Tensorflow Speech Commands
The dataset we used [data1] consists of 64,721 short recordings of speech commands. Each recording is an utterance of 1 second or less of one of 30 words. Following the steps outlined in a speech recognition tutorial [Pai2], we resampled the recordings from the original sample rate of 16kHz to 8kHz, as most of the essential frequency information for speech lies below the frequency of 4kHz [confirmation needed]. We split the data randomly into validation (1,000 count), test (7,000 count), and training (56, 721 count) data, and used the training set for training, the validation set for tuning the hyperparameters, and the test set only for evaluating the best version of each network type.
Convolutional neural networks (CNN), which have been notoriously useful in tasks like visual classification, have also been successfully used in speech recognition [Sainath3], [Microsoft4]. CNNs are powerful feature extractors – in the task of speech recognition, their ability to learn structures from the data makes them robust to noise and variation in speaker frequency patterns [Sainath3].
Our first approach was guided by Aravind Pai's tutorial [Pai2] on CNNs for sound classification. This approach essentially treats sound recordings as 1-dimensional images – a CNN, using only max pooling, dropout, and dense (in addition to convolutional) layers in order to classify each recording in one of the 30 categories. The architecture consists of 4 convolutional layers with max pooling of size 3 and dropout of 30% after each convolution, followed by a dense layer with 256 units and ReLU activation, a dense layer with 128 units and Softmax activation, and an output layer with Softmax activation. We trained this network, containing 1,614,078 trainable parameters for 150 epochs (21 minutes on a GPU-accelerated runtime on Google Colab) and achieved an accuracy of 81.8% on the test set.
After achieving satisfactory results on the speech classification task with convolution on raw sound data, we wanted to find out if providing the data in a different format to the network would lead to higher performance. A common method of preprocessing speech data is to compute Mel spectrograms of the raw sound , . The Mel spectrogram computation is a nonlinear transformation that takes in a raw sound file – a 1D array of amplitudes – and converts it into a sequence of Mel coefficients – a set of coefficients that are considered to model well the way humans perceive differences in frequencies [Mel reference5].
We converted each 1-second recording into a sequence of length 16 of 128 Mel coefficients at each time step.
We were curious whether an approach that treats the sound data sequentially – as opposed to treating it as an image – would provide better results. A good way to treat sequences is using recurrent units – units that use the output of one time step as input for the next. The particular unit we used is long short-term memory (LSTM) – a type of recurrent network that has an input gate, an output gate, and a forget gate, which control the flow of information and help the unit remember information for longer periods of time [LSTM6].
For this task, we kept the convolution stack from the previous one, as CNNs are good feature extractors [Microsoft speech4], and added an LSTM layer with 100 units on top, replacing the two hidden dense layers. Because of this, the network has fewer trainable parameters than the Mel CNN – 188,694.
While working on this project, we discussed our approach with Maan Qraitem.
 Warden P. Speech Commands: A public dataset for single-word speech recognition, 2017. Available from http://download.tensorflow.org/data/speech_commands_v0.01.tar.gz
 Pai, A. (2019, July 15). Learn how to Build your own Speech-to-Text Model (using Python). Retrieved from https://www.analyticsvidhya.com/blog/2019/07/learn-build-first-speech-to-text-model-python/.

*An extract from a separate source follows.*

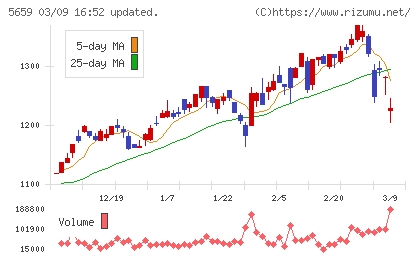 日本精線チャート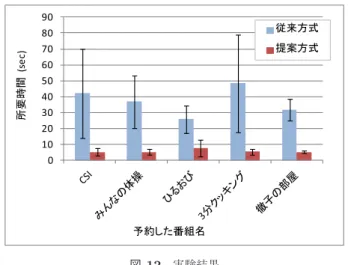 図 11 実験に利用した番組予約のための Web サイト Fig. 11 The web sites for reservation of TV programs used for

 T. N Sainath, A. Mohamed, B. Kingsbury, and B. Ramabhadran. "Deep Convolutional Nural Networks For LVCSR." In: IEEE International Conference on Acoustics, Speech and Signal Processing, 2013.
 L. Deng, J. Li, J. T Huang, K. Yao, D. Yu, F. Seide, Y. Gong. Recent advances in deep learning for speech research at Microsoft. In: IEEE International Conference on Acoustics, Speech and Signal Processing. pp. 8604–8608, 2013.
 S. S. Stevens, J. Volkmann, and E. B. Newman. "A scale for the measurement of the psychological magnitude pitch". Journal of the Acoustical Society of America. Volume 8, issue 3, pp. 185–190, 1937.
 S. Hochreiter, J. Schmidhuber. "Long Short-Term Memory." In: Neural Computation. Volume 9, issue 8, pp. 1735-1780, 1997.